__Aim of the task__
In the records below, find the line that contains "HOMCOM 12V Electric" and the line that contains "Lanham, MD USGS Topographic Map", then retype exactly those two lines and every line between them.

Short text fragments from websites
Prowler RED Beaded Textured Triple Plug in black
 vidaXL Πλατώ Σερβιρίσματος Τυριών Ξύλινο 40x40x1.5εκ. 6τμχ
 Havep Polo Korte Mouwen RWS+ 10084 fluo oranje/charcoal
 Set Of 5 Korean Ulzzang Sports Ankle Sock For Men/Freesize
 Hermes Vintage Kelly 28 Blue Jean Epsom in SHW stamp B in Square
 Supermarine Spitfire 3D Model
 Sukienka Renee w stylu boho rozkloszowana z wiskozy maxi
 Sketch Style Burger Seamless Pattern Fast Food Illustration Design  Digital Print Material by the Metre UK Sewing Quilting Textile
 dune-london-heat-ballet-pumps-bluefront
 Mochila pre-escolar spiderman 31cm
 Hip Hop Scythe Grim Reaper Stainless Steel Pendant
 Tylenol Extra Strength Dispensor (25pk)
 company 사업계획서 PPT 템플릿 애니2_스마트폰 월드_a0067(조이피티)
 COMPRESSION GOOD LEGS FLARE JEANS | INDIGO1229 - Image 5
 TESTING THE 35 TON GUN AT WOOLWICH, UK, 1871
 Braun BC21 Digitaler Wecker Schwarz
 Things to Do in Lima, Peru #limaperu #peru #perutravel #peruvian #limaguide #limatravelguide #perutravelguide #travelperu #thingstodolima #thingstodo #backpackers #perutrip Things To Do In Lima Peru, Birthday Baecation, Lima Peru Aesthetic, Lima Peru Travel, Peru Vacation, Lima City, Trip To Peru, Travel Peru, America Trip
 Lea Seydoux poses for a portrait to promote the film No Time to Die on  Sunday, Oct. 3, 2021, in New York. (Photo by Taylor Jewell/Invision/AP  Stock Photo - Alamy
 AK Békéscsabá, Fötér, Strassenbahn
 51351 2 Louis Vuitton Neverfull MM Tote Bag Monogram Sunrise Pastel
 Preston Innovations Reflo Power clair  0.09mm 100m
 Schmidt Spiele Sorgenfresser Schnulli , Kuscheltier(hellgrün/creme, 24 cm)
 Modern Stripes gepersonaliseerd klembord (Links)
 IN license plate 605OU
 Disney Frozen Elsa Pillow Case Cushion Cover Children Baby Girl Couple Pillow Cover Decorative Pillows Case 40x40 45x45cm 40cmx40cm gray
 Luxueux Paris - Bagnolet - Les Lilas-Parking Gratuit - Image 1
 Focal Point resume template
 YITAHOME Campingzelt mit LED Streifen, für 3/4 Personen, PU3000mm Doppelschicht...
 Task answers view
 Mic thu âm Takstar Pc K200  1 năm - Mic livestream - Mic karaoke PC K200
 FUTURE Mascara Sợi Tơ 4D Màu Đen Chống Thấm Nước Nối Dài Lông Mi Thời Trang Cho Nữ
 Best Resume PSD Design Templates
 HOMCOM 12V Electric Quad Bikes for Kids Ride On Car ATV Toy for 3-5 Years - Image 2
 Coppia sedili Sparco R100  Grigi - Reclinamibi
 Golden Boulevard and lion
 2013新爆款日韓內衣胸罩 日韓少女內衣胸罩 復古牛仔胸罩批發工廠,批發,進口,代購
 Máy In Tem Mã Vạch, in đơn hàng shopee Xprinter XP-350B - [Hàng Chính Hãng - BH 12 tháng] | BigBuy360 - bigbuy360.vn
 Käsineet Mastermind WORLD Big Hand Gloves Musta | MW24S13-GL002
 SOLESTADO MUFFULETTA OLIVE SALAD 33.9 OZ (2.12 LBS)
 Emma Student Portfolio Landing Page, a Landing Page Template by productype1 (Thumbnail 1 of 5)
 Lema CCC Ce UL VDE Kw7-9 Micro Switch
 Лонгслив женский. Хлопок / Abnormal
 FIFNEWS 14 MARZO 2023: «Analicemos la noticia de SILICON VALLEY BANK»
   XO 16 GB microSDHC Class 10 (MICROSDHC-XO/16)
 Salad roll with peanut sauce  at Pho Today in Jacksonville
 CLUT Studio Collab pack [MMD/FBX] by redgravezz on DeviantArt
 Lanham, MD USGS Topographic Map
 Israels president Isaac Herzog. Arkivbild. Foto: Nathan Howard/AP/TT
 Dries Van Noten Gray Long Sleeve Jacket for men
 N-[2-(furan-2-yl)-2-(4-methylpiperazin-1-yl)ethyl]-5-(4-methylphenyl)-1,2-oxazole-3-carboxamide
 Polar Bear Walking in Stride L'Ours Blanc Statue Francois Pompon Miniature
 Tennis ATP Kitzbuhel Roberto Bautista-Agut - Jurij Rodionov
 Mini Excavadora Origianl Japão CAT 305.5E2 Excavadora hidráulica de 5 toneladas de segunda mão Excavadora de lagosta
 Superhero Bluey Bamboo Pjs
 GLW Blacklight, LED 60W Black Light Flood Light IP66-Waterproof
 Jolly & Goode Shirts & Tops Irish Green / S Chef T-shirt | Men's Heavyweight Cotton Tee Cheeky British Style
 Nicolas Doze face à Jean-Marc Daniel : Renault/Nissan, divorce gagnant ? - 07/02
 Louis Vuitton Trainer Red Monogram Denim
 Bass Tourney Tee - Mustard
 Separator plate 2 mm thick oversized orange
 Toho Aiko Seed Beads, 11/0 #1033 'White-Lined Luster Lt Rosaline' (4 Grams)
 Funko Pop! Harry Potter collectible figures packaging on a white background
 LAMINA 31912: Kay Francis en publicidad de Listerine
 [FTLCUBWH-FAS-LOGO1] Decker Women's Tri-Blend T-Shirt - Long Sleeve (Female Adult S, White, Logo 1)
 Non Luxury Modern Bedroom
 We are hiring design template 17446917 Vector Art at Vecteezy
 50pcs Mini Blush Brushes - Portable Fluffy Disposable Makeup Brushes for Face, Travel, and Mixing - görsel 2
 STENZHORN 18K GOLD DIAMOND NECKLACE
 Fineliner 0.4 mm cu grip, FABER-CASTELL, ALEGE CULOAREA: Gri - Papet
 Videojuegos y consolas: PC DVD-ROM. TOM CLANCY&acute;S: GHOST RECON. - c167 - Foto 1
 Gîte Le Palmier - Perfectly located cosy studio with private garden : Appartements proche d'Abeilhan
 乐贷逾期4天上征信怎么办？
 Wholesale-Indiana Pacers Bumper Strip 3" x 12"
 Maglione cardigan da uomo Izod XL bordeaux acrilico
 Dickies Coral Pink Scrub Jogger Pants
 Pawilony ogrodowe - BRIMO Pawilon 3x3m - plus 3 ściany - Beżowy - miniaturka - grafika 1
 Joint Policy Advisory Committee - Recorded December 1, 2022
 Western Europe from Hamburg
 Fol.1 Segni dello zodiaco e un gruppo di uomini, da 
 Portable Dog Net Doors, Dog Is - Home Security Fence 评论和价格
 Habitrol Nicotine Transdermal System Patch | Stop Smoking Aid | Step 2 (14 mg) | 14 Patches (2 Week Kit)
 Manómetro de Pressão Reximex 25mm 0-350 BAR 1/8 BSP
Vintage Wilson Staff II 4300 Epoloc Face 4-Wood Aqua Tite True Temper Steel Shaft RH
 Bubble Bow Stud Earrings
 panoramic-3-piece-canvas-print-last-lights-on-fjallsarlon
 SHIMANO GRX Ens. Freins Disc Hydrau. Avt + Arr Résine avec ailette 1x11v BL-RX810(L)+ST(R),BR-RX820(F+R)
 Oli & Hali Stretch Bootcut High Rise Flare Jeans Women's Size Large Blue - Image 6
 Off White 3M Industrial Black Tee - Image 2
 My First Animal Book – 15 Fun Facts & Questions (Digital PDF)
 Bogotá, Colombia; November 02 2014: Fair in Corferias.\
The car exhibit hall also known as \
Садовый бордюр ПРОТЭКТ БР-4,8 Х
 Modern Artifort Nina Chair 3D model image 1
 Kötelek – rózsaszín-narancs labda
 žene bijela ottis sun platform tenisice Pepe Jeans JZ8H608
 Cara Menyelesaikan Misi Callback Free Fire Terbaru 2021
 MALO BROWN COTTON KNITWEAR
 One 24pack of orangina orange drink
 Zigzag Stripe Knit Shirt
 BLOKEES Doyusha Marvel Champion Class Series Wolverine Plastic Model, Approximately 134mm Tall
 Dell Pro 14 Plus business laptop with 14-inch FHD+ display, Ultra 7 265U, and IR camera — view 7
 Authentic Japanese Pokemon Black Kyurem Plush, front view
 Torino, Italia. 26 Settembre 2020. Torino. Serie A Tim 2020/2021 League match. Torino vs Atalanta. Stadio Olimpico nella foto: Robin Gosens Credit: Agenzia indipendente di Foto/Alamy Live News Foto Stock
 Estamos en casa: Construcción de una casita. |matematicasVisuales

__Exercise solution__
 HOMCOM 12V Electric Quad Bikes for Kids Ride On Car ATV Toy for 3-5 Years - Image 2
 Coppia sedili Sparco R100  Grigi - Reclinamibi
 Golden Boulevard and lion
 2013新爆款日韓內衣胸罩 日韓少女內衣胸罩 復古牛仔胸罩批發工廠,批發,進口,代購
 Máy In Tem Mã Vạch, in đơn hàng shopee Xprinter XP-350B - [Hàng Chính Hãng - BH 12 tháng] | BigBuy360 - bigbuy360.vn
 Käsineet Mastermind WORLD Big Hand Gloves Musta | MW24S13-GL002
 SOLESTADO MUFFULETTA OLIVE SALAD 33.9 OZ (2.12 LBS)
 Emma Student Portfolio Landing Page, a Landing Page Template by productype1 (Thumbnail 1 of 5)
 Lema CCC Ce UL VDE Kw7-9 Micro Switch
 Лонгслив женский. Хлопок / Abnormal
 FIFNEWS 14 MARZO 2023: «Analicemos la noticia de SILICON VALLEY BANK»
   XO 16 GB microSDHC Class 10 (MICROSDHC-XO/16)
 Salad roll with peanut sauce  at Pho Today in Jacksonville
 CLUT Studio Collab pack [MMD/FBX] by redgravezz on DeviantArt
 Lanham, MD USGS Topographic Map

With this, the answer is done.